Scientists from the Wisconsin IceCube Particle Astrophysics Center are using ray tracing on NVIDIA GPUs to accelerate simulations of subatomic particles by hundreds of times.
Scientists from the Wisconsin IceCube Particle Astrophysics Center are using ray tracing on NVIDIA GPUs to accelerate simulations of subatomic particles by hundreds of times.
Using NVIDIA RTX GPUs in a subsystem of the Texas Advanced Computing Center’s Frontera supercomputer, the researchers can calculate the path of light as it travels through a one cubic kilometer block of ice at Antarctica’s IceCube Neutrino Observatory.
They’re analyzing neutrinos, tiny particles created by cosmic rays that interact with Earth’s atmosphere. The ice block, located at the Amundsen-Scott South Pole Station, is rigged with sensors over a thousand feet under the surface, which transform signals from neutrino interactions into digital data.

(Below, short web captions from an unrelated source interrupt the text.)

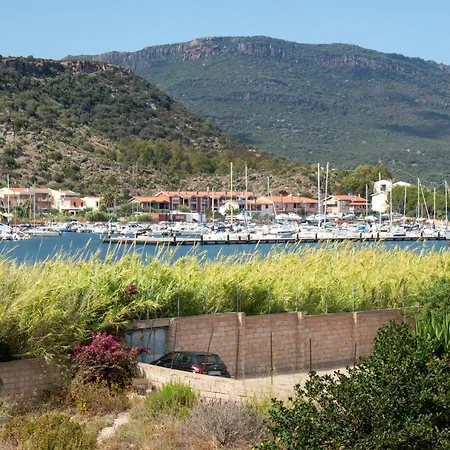Marina *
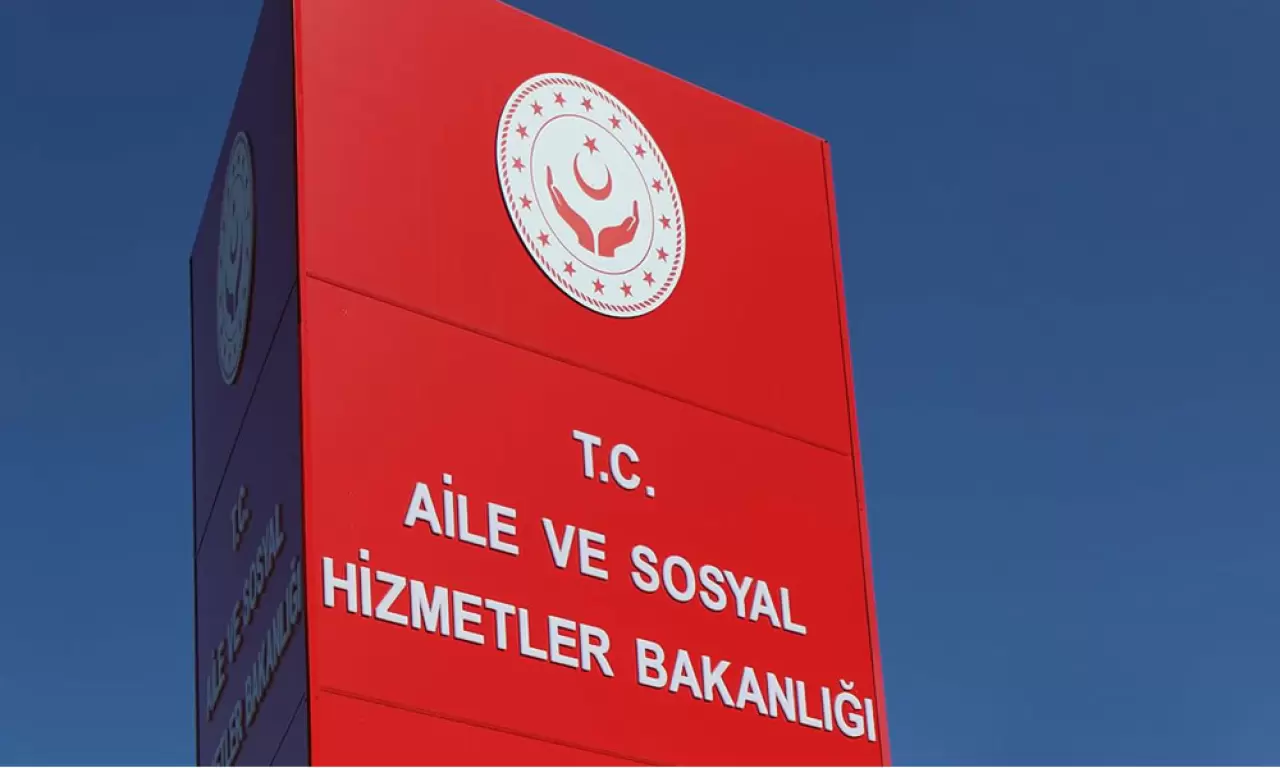 Aile ve Sosyal Hizmetler Bakanlığı, sosyal medyada "Küçük trans çocuklara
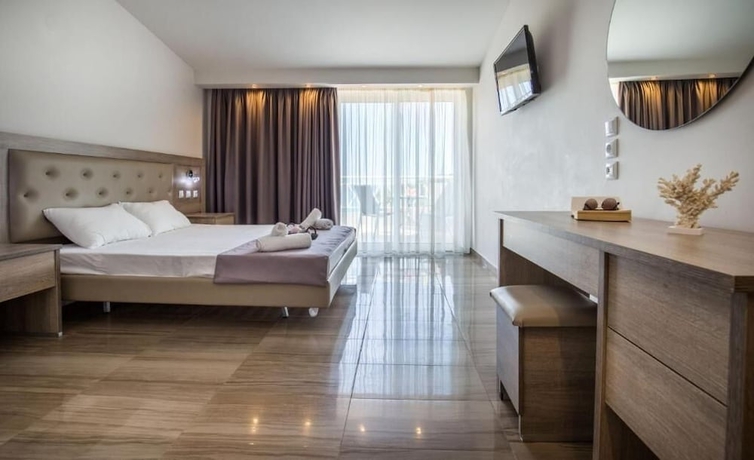 Imagen de la habitación del Hotel Green Bay Thassos. Foto 7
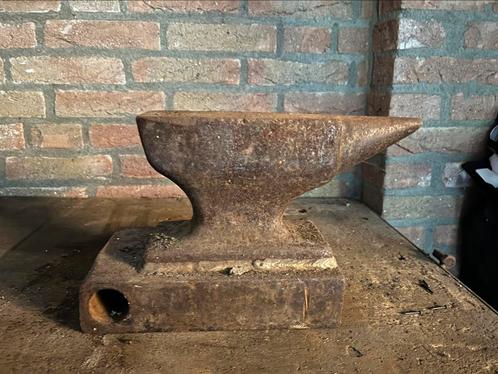 Klein aambeeld antiek uit smederij, Antiek en Kunst, Antiek | Gereedschap en Instrumenten, Ophalen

“Based on the analysis, researchers are also able to determine where in the sky the particle came from, its energy, and sometimes, what type of neutrino — electron, muon or tau — it was,” said James Madson, executive director at IceCube.
The researchers are especially interested in neutrino events, or spikes in activity that can be traced to high-energy cosmic events billions of light years away. But these analyses require significant computational resources, making the IceCube team among the largest users of the Frontera GPU subsystem.
To better understand how neutrinos travel through the observatory’s ice block, the scientists use GPU-accelerated ray tracing to simulate how light propagates through the ice, tracking high-energy particles that are produced when neutrinos interact. Defects in the ice can cause the light to scatter or be absorbed, making it harder to analyze.
“Large scale simulations of the IceCube facility and the data it creates allow us to rapidly and accurately determine the properties of these neutrinos, which in turn exposes the physics of the most energetic events in the universe,” said Niall Gaffney, director of data intensive computing at the Texas Advanced Computing Center. “This is key to validating the fundamental quantum-mechanical physics in environments that cannot be practically replicated on earth.”